18 名前:第17話『大立往生』 :2008/01/11(金) 01:31:05.25 ID:UZUXDZKp0

 ライトセイバーが引き抜かれると、傷口からおびただしい量の血液が噴出した。


(,,゚Д゚)「……やられゴホッ ガハッ」


 アサシンが咳き込むと、口から赤いものが地に垂れる。地面にころがった大薙刀。その上に地溜まりができていく。
遠くから見ていたハインリッヒが駆け寄ってくるが、アサシンは彼女の姿を見ないまま、腕だけでその動きを制する。

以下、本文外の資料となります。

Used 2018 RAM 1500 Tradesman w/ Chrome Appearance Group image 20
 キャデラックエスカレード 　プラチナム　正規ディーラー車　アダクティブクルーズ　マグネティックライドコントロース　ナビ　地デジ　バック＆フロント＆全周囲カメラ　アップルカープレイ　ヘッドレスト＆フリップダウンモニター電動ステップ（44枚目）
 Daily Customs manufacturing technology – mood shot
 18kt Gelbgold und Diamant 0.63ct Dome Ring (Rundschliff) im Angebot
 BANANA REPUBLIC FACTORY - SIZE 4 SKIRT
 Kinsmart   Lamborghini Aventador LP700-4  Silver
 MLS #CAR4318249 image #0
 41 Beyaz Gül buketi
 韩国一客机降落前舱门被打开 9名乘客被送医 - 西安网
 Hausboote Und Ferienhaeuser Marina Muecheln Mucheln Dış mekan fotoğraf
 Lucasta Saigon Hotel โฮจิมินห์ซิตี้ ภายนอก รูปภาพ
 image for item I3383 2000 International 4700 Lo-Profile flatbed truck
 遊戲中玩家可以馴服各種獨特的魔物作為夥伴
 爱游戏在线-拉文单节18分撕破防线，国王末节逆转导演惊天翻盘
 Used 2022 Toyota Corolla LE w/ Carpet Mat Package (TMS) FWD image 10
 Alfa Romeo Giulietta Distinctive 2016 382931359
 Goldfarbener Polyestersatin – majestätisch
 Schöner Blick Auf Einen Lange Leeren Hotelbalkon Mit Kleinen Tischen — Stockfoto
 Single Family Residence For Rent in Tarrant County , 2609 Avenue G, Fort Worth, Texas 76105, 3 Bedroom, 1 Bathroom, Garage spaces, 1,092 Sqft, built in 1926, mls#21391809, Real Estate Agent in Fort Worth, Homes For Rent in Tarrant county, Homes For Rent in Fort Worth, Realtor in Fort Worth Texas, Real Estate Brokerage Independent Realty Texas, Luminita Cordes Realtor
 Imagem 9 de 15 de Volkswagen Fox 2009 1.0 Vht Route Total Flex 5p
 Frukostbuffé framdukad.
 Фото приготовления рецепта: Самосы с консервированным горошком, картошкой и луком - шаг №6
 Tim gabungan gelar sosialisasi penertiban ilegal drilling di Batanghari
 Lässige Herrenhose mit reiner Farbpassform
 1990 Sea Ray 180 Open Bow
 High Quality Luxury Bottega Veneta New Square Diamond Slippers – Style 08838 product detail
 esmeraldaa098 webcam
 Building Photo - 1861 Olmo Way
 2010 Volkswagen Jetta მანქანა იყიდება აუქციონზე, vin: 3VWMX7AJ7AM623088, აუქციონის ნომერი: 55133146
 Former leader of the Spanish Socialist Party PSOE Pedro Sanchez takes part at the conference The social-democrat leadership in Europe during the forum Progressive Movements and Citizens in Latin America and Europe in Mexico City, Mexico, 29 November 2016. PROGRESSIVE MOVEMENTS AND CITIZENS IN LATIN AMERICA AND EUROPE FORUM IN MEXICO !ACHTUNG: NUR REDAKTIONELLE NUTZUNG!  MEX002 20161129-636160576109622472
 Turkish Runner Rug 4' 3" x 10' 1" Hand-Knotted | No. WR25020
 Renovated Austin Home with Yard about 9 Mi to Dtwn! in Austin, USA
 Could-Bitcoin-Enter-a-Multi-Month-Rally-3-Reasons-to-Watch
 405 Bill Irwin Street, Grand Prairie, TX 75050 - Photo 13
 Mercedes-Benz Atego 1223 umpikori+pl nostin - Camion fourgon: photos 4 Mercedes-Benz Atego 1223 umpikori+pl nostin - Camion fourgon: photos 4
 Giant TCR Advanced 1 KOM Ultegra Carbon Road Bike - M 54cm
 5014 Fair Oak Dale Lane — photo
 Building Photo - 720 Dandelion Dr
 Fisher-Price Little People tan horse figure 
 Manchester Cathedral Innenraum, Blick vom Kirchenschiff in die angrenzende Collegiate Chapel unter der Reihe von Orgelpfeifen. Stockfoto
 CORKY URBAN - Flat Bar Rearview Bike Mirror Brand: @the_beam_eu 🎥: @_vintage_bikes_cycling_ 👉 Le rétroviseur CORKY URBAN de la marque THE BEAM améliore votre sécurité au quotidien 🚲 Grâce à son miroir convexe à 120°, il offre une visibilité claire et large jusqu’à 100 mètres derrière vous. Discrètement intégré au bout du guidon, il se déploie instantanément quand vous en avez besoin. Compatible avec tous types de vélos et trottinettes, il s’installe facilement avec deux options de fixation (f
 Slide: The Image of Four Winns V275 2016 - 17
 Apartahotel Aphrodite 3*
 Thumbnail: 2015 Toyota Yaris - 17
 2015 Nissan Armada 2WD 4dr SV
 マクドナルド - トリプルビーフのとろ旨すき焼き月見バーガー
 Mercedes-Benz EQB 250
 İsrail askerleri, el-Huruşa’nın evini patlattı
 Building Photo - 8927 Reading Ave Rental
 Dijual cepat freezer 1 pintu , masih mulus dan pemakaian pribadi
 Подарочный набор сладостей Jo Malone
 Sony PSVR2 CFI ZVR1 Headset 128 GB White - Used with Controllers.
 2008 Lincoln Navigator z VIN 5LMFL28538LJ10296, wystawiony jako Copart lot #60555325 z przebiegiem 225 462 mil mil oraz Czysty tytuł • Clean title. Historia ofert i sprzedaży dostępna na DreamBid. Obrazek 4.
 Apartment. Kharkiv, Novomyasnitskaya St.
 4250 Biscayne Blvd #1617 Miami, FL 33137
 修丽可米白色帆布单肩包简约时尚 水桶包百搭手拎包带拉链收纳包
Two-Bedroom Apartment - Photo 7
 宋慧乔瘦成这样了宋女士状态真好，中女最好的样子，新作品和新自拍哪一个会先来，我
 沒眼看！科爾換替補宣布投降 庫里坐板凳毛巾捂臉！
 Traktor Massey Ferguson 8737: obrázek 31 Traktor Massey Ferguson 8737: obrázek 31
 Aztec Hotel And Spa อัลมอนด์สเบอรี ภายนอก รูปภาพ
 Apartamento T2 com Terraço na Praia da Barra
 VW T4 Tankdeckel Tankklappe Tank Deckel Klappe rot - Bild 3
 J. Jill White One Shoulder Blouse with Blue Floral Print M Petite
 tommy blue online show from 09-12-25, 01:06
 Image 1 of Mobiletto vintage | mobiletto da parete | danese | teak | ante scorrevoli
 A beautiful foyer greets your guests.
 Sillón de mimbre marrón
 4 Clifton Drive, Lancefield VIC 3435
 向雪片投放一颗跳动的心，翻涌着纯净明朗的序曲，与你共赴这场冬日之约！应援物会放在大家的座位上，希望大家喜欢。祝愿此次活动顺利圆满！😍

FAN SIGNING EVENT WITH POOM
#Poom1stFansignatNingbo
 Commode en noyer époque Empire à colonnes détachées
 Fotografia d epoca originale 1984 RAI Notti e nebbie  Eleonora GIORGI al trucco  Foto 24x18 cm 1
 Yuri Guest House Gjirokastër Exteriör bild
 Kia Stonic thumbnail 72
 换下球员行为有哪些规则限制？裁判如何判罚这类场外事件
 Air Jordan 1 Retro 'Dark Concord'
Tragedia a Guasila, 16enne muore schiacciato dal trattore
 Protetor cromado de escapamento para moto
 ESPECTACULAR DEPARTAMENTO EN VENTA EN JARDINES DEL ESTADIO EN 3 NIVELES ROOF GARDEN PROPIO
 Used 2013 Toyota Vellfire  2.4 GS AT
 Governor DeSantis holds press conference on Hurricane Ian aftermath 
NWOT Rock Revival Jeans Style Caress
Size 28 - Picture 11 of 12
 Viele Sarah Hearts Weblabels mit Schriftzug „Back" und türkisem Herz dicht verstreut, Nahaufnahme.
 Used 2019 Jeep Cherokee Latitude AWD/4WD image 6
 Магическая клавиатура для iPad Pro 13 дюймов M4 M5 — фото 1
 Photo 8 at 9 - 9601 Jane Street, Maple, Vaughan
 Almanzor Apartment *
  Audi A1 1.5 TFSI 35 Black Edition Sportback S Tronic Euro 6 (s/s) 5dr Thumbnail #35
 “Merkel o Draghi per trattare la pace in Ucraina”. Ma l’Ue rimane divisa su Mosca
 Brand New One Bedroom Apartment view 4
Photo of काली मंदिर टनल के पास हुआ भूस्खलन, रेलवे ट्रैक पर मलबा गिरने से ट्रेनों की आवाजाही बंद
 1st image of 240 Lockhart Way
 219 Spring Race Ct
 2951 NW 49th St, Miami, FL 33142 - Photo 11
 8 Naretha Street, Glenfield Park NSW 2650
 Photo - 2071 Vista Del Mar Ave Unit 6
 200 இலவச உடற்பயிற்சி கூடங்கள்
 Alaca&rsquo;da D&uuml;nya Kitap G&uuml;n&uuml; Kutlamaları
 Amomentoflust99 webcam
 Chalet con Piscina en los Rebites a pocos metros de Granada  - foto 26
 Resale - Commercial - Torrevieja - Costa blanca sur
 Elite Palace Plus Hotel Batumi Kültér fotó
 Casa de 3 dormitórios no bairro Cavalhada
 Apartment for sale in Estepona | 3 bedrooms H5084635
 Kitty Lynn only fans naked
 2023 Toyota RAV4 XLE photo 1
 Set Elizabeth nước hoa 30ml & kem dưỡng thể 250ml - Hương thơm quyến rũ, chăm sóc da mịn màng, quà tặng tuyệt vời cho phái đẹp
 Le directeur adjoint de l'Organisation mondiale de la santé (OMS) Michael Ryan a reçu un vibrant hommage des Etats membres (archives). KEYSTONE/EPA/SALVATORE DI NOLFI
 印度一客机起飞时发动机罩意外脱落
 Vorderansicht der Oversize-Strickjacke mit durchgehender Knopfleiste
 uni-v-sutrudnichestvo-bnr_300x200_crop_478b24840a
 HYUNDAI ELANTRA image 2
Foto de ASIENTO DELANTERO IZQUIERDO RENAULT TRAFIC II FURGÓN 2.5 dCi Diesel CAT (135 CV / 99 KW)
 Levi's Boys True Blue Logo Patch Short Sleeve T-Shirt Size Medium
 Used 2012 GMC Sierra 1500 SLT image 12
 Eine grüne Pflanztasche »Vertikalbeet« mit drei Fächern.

(,,゚Д゚)「まさか、屋敷中の魔力を“俺を空振りさせるためのおとり”のおとりにするとはな…してやられたぜ」

('A`)「卑怯……とはいわないよね?」

(,,゚Д゚)「当然だ──ぐっ?!」


 地面に膝をつき、アサシンは口をおさえる。それを見下ろし、ドクオはつぶやいた。


19 名前:第17話『大立往生』 :2008/01/11(金) 01:35:52.51 ID:UZUXDZKp0
('A`)「……アンタはほんとに強かったよ。武器戦闘の技術も、武器の質も、断然そっちが上だ。
   知名度や霊格──サーヴァントとしての格も、間違いなくボクのほうが下だよ」

('A`)「でも……ボクの勝ちだ。クーのために、ボクは負けるわけにはいかない」


(,゚Д゚)「…………過去形にするにはよぉ……」


 ゆっくりと、アサシンが顔をあげる。口の中にたまった血をいきおいよく地べたに吐きつける。
顔布を外して口元をぬぐうと、止血のため、傷口に押し当てる。


从;゚∀从「?!!」
ξ;゚听)ξ「?!!」
(;'A`)「?!!」


(,,゚Д゚)「まだ早いんじゃねぇかゴルァ?!」


 アサシンは紅く染まった大薙刀を掴むと、血の海の上に再び立ち上がった。

27 名前:第17話『大立往生』 :2008/01/11(金) 01:55:17.27 ID:UZUXDZKp0

ξ;゚听)ξ「う、嘘っ?!」

从;゚∀从「アサシン……あんた、まだやるっちゅうんか……」

(;'A`)「(……あれだけ魔力を消費して、傷を負ったのにまだ立ち上がるの?!)」

(,,゚Д゚)「…………ちいっ」


 アサシンが『一凪<ヒトナギを>』を降ろす。自ら構えを解いたその口から、血が零れ落ちる。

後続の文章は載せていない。